RECORDS SHOWN:
• • • •

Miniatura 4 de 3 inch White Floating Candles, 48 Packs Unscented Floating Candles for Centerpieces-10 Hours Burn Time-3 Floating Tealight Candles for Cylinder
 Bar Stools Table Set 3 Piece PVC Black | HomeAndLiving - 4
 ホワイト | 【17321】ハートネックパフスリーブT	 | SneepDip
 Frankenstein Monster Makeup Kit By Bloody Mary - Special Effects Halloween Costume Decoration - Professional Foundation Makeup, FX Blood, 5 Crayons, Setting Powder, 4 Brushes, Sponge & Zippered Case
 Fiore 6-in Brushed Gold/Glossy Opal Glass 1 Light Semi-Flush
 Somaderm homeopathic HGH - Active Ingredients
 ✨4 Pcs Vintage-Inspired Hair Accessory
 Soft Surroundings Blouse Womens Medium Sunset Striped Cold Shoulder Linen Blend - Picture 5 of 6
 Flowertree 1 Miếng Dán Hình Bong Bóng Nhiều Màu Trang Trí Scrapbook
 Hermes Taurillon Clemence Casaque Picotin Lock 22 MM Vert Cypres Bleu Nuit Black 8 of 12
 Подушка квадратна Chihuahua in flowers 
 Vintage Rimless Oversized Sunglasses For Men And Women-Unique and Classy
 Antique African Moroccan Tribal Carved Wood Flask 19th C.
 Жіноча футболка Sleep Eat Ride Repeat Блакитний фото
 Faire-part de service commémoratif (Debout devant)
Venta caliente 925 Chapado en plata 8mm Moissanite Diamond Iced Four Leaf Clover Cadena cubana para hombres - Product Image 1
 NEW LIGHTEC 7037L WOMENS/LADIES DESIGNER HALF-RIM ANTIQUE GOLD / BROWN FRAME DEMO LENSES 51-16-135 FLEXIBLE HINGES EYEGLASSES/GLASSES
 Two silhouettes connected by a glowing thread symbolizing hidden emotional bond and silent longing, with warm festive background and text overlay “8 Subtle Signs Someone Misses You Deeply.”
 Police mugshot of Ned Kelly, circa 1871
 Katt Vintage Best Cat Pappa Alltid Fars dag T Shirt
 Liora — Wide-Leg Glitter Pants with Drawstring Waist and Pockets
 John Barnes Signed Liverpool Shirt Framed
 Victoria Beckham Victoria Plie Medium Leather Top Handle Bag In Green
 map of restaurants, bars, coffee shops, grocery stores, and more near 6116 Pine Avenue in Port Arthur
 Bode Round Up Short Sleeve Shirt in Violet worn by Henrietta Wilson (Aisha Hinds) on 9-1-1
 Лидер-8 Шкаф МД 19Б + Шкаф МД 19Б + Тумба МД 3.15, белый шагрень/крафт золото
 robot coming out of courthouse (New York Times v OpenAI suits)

• • • •

WORK TASK: Please write the entries out again exactly as they stand.

SOLVED EXERCISE:
Miniatura 4 de 3 inch White Floating Candles, 48 Packs Unscented Floating Candles for Centerpieces-10 Hours Burn Time-3 Floating Tealight Candles for Cylinder
 Bar Stools Table Set 3 Piece PVC Black | HomeAndLiving - 4
 ホワイト | 【17321】ハートネックパフスリーブT	 | SneepDip
 Frankenstein Monster Makeup Kit By Bloody Mary - Special Effects Halloween Costume Decoration - Professional Foundation Makeup, FX Blood, 5 Crayons, Setting Powder, 4 Brushes, Sponge & Zippered Case
 Fiore 6-in Brushed Gold/Glossy Opal Glass 1 Light Semi-Flush
 Somaderm homeopathic HGH - Active Ingredients
 ✨4 Pcs Vintage-Inspired Hair Accessory
 Soft Surroundings Blouse Womens Medium Sunset Striped Cold Shoulder Linen Blend - Picture 5 of 6
 Flowertree 1 Miếng Dán Hình Bong Bóng Nhiều Màu Trang Trí Scrapbook
 Hermes Taurillon Clemence Casaque Picotin Lock 22 MM Vert Cypres Bleu Nuit Black 8 of 12
 Подушка квадратна Chihuahua in flowers 
 Vintage Rimless Oversized Sunglasses For Men And Women-Unique and Classy
 Antique African Moroccan Tribal Carved Wood Flask 19th C.
 Жіноча футболка Sleep Eat Ride Repeat Блакитний фото
 Faire-part de service commémoratif (Debout devant)
Venta caliente 925 Chapado en plata 8mm Moissanite Diamond Iced Four Leaf Clover Cadena cubana para hombres - Product Image 1
 NEW LIGHTEC 7037L WOMENS/LADIES DESIGNER HALF-RIM ANTIQUE GOLD / BROWN FRAME DEMO LENSES 51-16-135 FLEXIBLE HINGES EYEGLASSES/GLASSES
 Two silhouettes connected by a glowing thread symbolizing hidden emotional bond and silent longing, with warm festive background and text overlay “8 Subtle Signs Someone Misses You Deeply.”
 Police mugshot of Ned Kelly, circa 1871
 Katt Vintage Best Cat Pappa Alltid Fars dag T Shirt
 Liora — Wide-Leg Glitter Pants with Drawstring Waist and Pockets
 John Barnes Signed Liverpool Shirt Framed
 Victoria Beckham Victoria Plie Medium Leather Top Handle Bag In Green
 map of restaurants, bars, coffee shops, grocery stores, and more near 6116 Pine Avenue in Port Arthur
 Bode Round Up Short Sleeve Shirt in Violet worn by Henrietta Wilson (Aisha Hinds) on 9-1-1
 Лидер-8 Шкаф МД 19Б + Шкаф МД 19Б + Тумба МД 3.15, белый шагрень/крафт золото
 robot coming out of courthouse (New York Times v OpenAI suits)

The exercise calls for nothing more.